Vers de nouvelles solutions
Des efforts sont également déployés pour développer de nouveaux médicaments contre la PAM. Certains chercheurs envisagent de créer des vaccins à ARN messager contre l’infection à N. fowleri. Parallèlement, Lorenzo-Morales et son équipe étudient les effets d’un pigment extrait d’algues rouges, qui pourrait être efficace contre différentes amibes libres.
Cependant, ces tests sont actuellement réalisés en laboratoire, et le passage aux essais cliniques nécessitera un financement des entreprises pharmaceutiques, qui peuvent être réticentes à investir dans une maladie rare comme la PAM. Néanmoins, la sensibilisation à cette maladie est cruciale, et des initiatives comme la Jordan Smelski Foundation for Amoeba Awareness travaillent à éduquer le public et les professionnels de santé.
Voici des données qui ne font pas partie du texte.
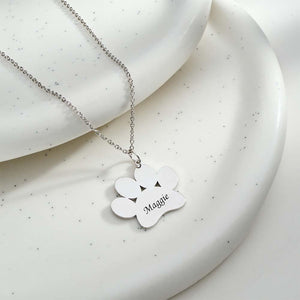 Lovely Engravable Pet Paw Necklace Dog Paw Pendant For Pet Lovers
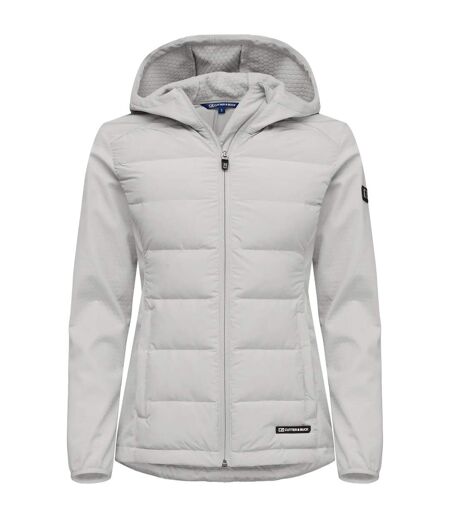 Womens/ladies Oak Harbor Hooded Jacket Silver Cutter & Buck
Une course contre la montre
La reconnaissance rapide de la maladie pourrait être la clé pour sauver des vies. Le temps est un facteur critique dans le traitement de la PAM, et un diagnostic précoce est essentiel. Les tests pour détecter l’amoeba sont simples, mais les médecins peuvent ne pas penser à les ordonner à temps, car la PAM peut imiter des méningites causées par des virus ou des bactéries plus courants.
La sensibilisation fait une différence, et les efforts pour éduquer le public et les professionnels de santé pourraient contribuer à des diagnostics plus rapides et à des traitements plus efficaces. Chaque cas diagnostiqué rapidement pourrait potentiellement sauver une vie.